Daydream Believer

It hasn’t quite been a year since Nashville rapper/producer Mike Floss’ debut album Tennessee Daydreams dropped, and his summer- scorcher of a single, “Local Satisfaction,” hit streaming services just a few months ago. But he’s back in the studio, working on new music. From the beginning, Floss has plotted his own journey, and kept himself moving beyond the industry-prescribed release-cycle schedule.
      “The record-label formula is completely stupid to me,” Floss says via phone, on the road in Detroit. “I don’t think I’ve ever met anybody that was signed to a label in hip-hop that was happy with that situation.”

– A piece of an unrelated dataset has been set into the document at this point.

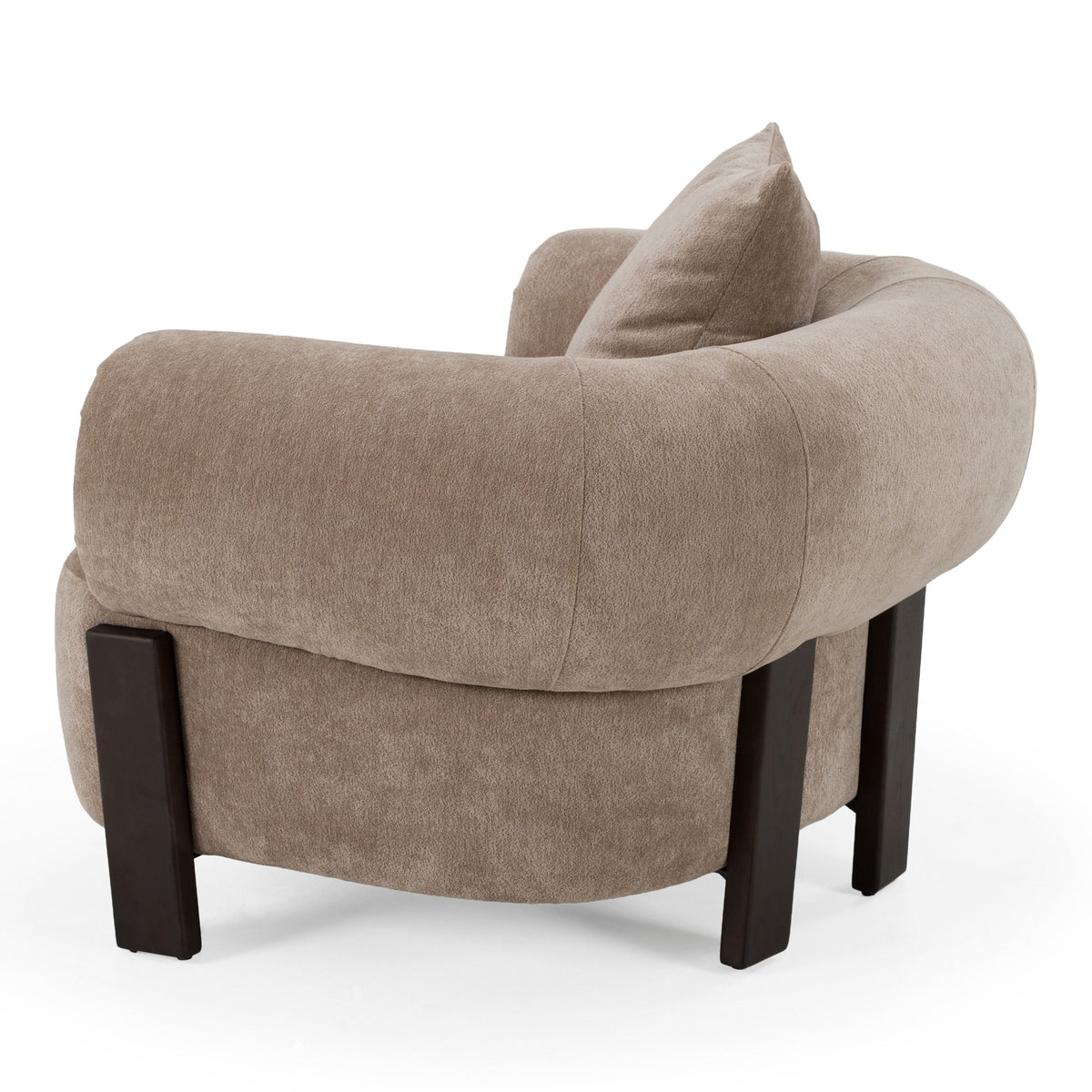 Tan Fabric Accent Chair, Modern Round Arm Lounge Chair with Wood Accents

      A longtime fixture in Nashville’s hip-hop underground — a vibrant, productive scene that’s been bubbling under Music City’s rhinestone surface since the early ’80s — former Inglewoodian Floss has been creating and releasing music for nearly a decade. His work has spanned shifting sonic trends, swirling distribution currents, and the ebb and flow of media tides.

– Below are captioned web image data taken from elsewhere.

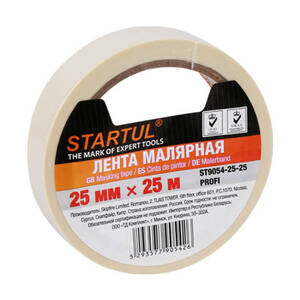 Лента малярная 25 мм х 25 м белая, STARTUL PROFI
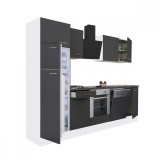 Mobilă bucătărie Yorki 280 Leziter modulară cu spațiu cuptor inferior și frigider, corp alb, blat 38mm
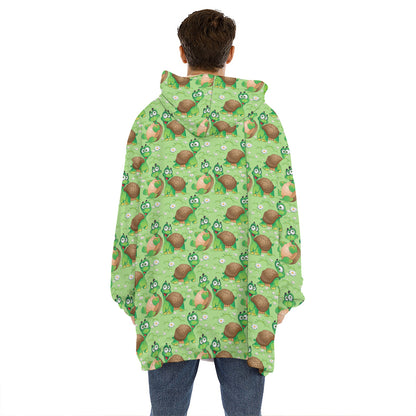 Cartoon Turtle Pattern Print Hoodie Blanket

      Throughout, he’s managed to maintain a unique voice, absorbing cultural shifts without being consumed by them. From his early For the Rebels mixtapes (recorded as Open Mic) to his latest single, Floss has stayed on trend and on his own shit, while he’s watched peers disappear, consumed by the commercial music beast.
      “At one point, I was kind of chasing [a label deal], just off of ignorance and just not knowing,” Floss says. “But after you’re out in these [festival and tour] situations with all these people, it’s like, ‘Oh, my career is really in no different place than most of these people, except they may have more Instagram followers.’ … [And I] absolutely would have signed. If I wasn’t a second-generation artist, I would have signed a bad deal, and I probably would be trapped.”
      Floss benefits from generational knowledge passed on from his father, trumpeter Rod McGaha — a pillar of the Music City jazz scene, who forged a career playing alongside artists as disparate as Lou Rawls, CeCe Winans, and Kenny Rogers, before releasing his own solo records. McGaha toured the world, and saw the industry from all angles.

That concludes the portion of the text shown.